> **Problem to work on**: Leave every picture behind and copy the rest of the entries below exactly.

[Image-caption web data]

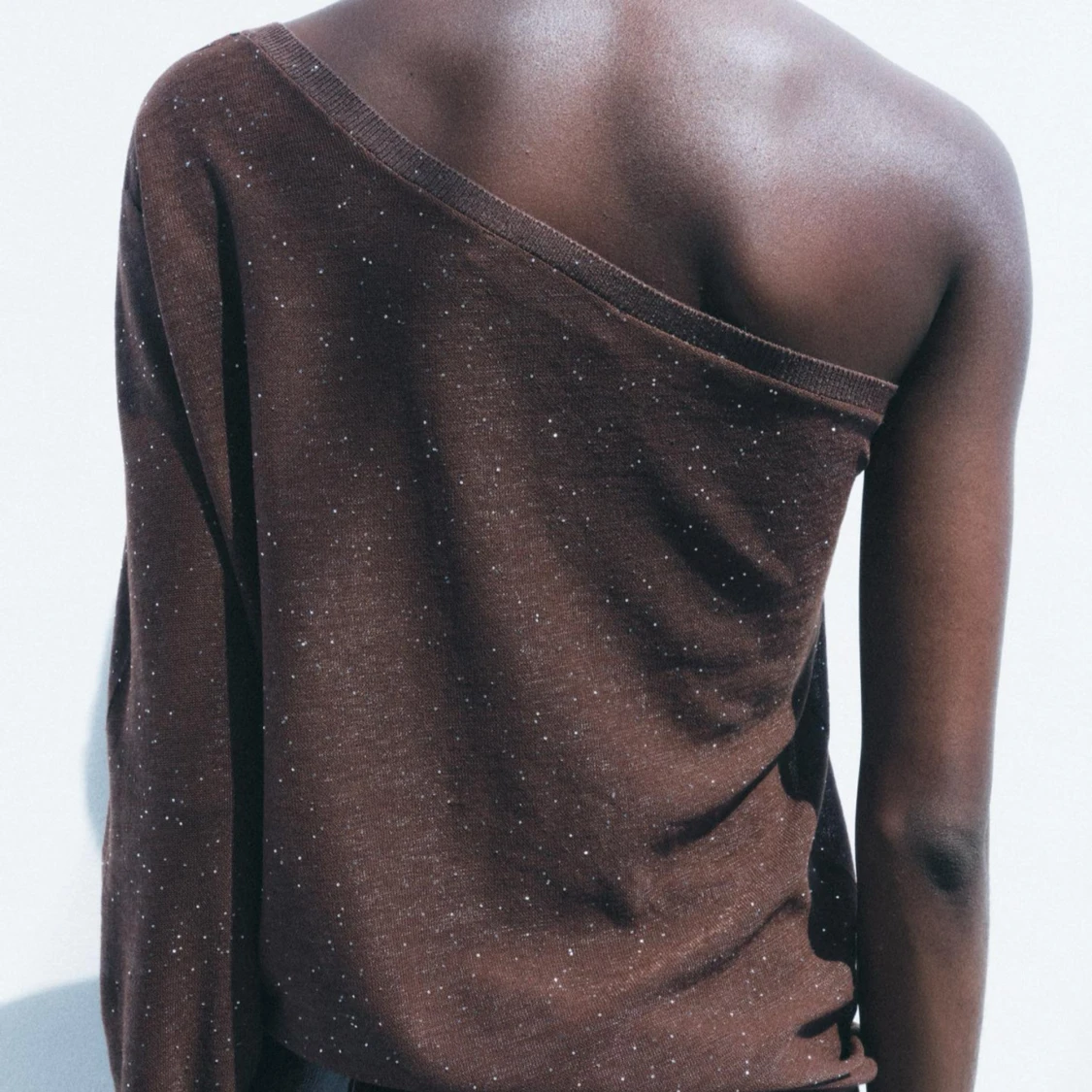 Brun glittrig oneshoulder topp - 91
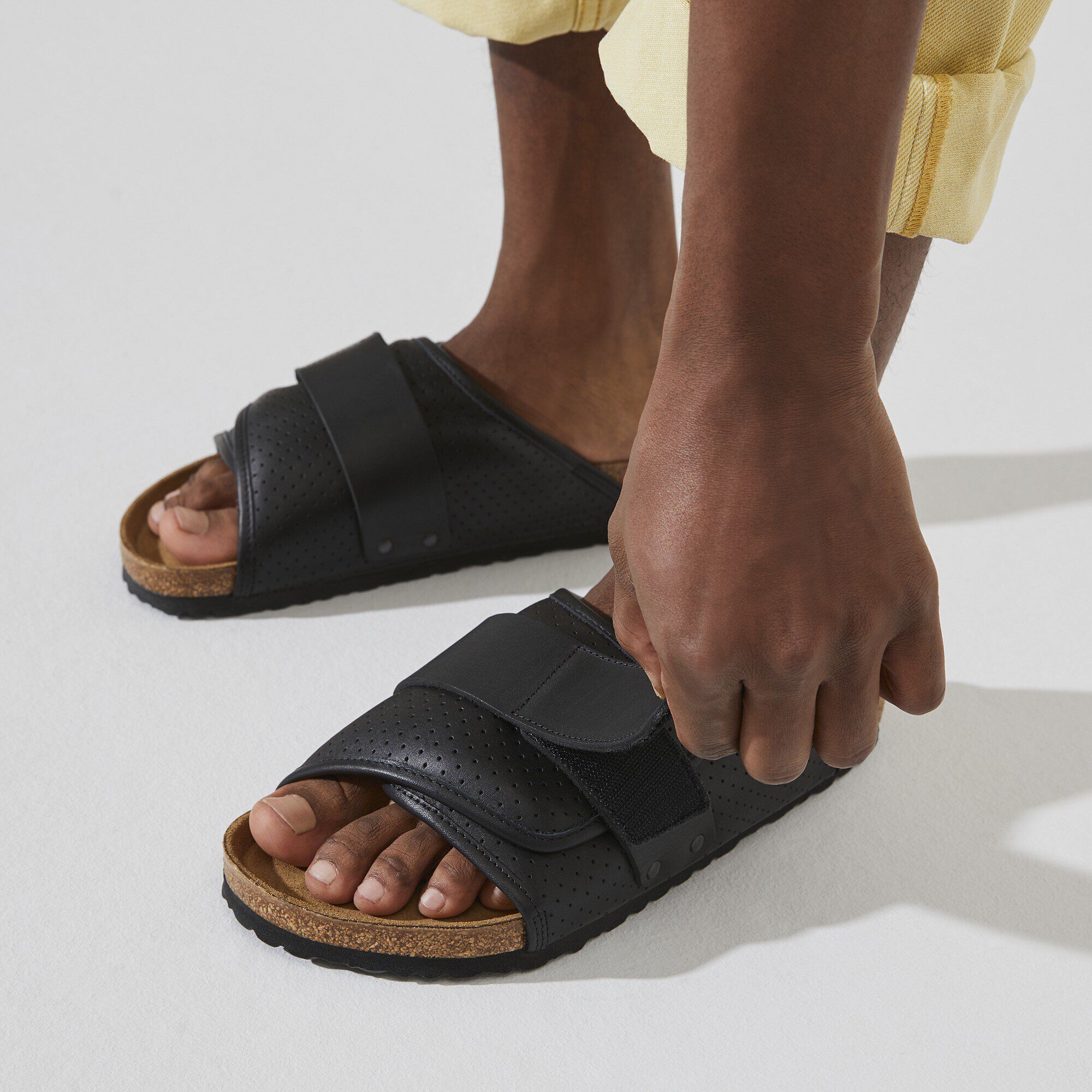Kyoto Leather in Color Puff Pack Black | BIRKENSTOCK US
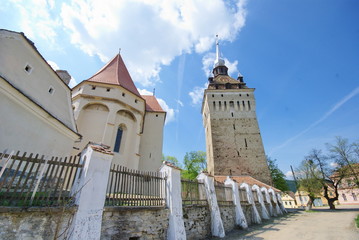 torre e chiesa fortificata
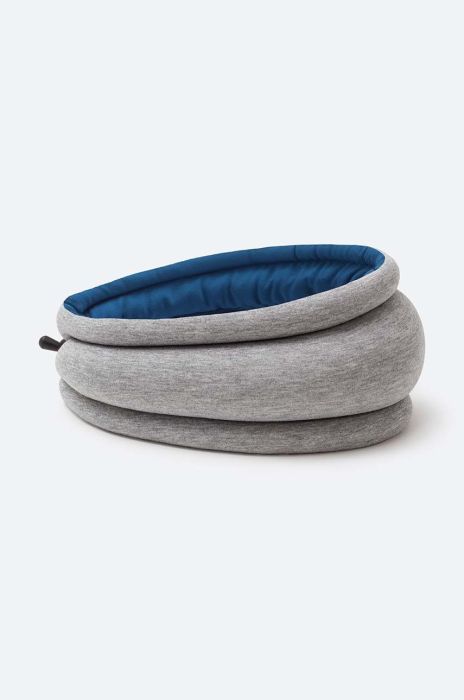 Багатофункціональна подушка Ostrichpillow Light колір блакитний (2876567) Багатофункціональна подушка Ostrichpillow Light колір блакитний (2876567)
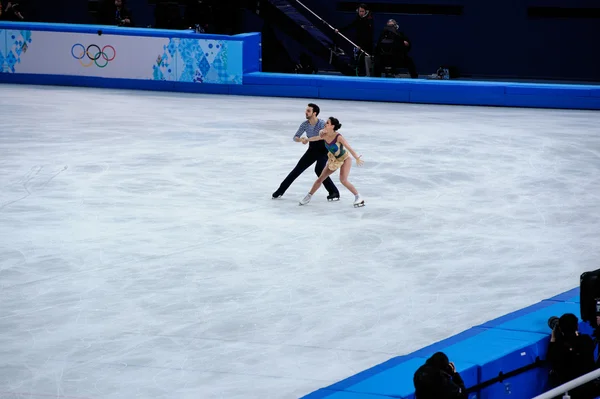 Сара Уртадо и Адриан Диас на XXII зимних Олимпийских играх в Сочи — стоковое фото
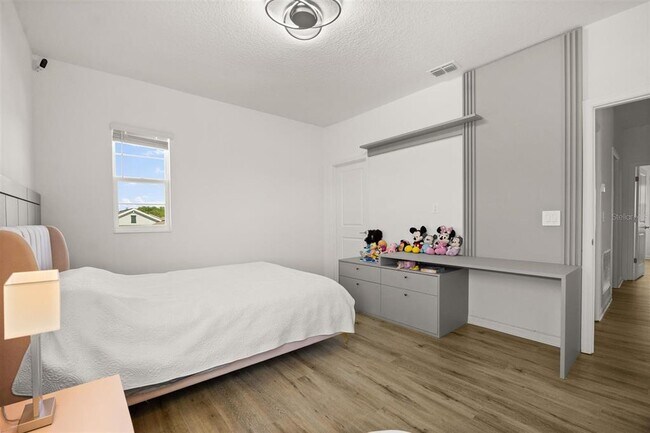 Building Photo - 11163 Great Rock St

> **Task result**:
 Brun glittrig oneshoulder topp - 91
Kyoto Leather in Color Puff Pack Black | BIRKENSTOCK US
 torre e chiesa fortificata
 Багатофункціональна подушка Ostrichpillow Light колір блакитний (2876567) Багатофункціональна подушка Ostrichpillow Light колір блакитний (2876567)
 Сара Уртадо и Адриан Диас на XXII зимних Олимпийских играх в Сочи — стоковое фото
 Building Photo - 11163 Great Rock St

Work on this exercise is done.